Mickelson did much better than that, rolling in a 20-footer at the 14th for another birdie, reaching the green in two at the par-5 17th to set up yet another birdie, and closing it with a 10-footer on the final hole for a 3-under 281 total.
Even though there were still four groups still on the course, Mickelson knew he had done more than enough to win. He pumped his fists and let out a yell. His caddie burst into tears. His wife and kids celebrated just off the green with his coach, Butch Harmon.
Mickelson is projected to leap into second in the world ranking, just behind Woods, who was never in contention after a sloppy start in the final round.
Mickelson became only the third player in the past 30 years to win five majors, joining Nick Faldo and Woods.
Lee Westwood began the day with a two-stroke lead but was again denied his first major title. He struggled to a 75 that left him four shots back, and Mickelson’s victory was assured when Westwood didn’t come close to making the eagle he needed on the 17th. Woods was two shots out at the start but a 74 left him five shots behind the winner.
Woods had six bogeys in his round but admitted the frustration was eased by the fact Mickelson put himself into such a formidable position. The left-hander won by three strokes and was the only player to finish under par for the week after making four birdies on the last six holes.
Woods said: “Well, I think if it does feel any better, it is that Phil got to 3 [under]. “I think a lot of us would be a little more ticked than we are now, but he posted 3.

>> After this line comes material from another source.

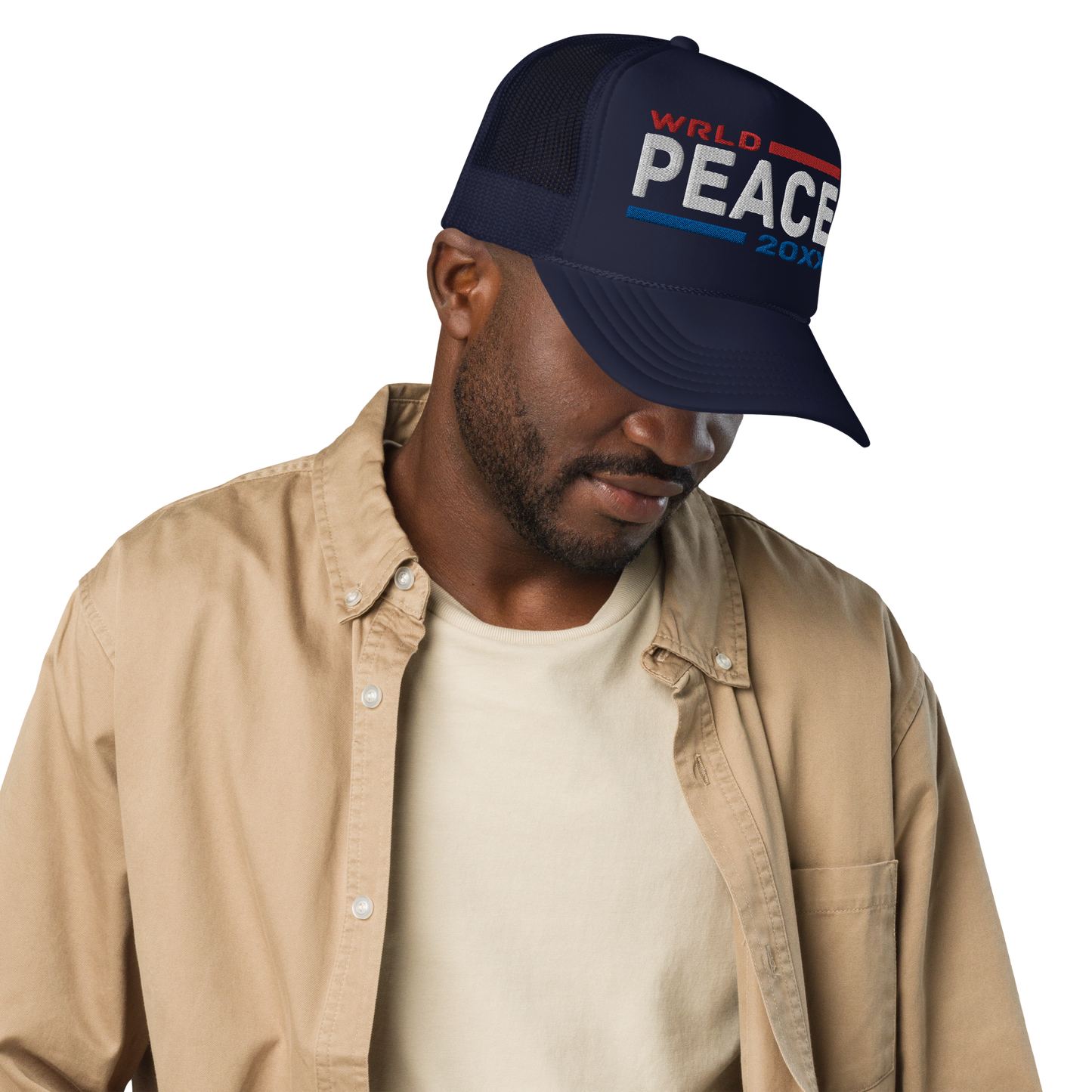 WRLD PEACE TRUCKER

“That’s a [heck] of a number.”
The course slowly bled contenders dry. Everyone but Mickelson, that is. Henrik Stenson was the runner-up at 284. England’s Ian Poulter and Masters winner Adam Scott finished another shot back.
“Phil must’ve played really well,” Westwood said. “Five-under par is a good round of golf this afternoon.”
Mickelson’s caddie, Jim Mackay, the only sideman Lefty has ever had, broke into tears afterward, noting how hard it has been for Mickelson at the world’s oldest tournament.
“When you work for a guy for 21 years, and you watch him play the best round of golf he’s ever played, it’s pretty cool,” Mackay said.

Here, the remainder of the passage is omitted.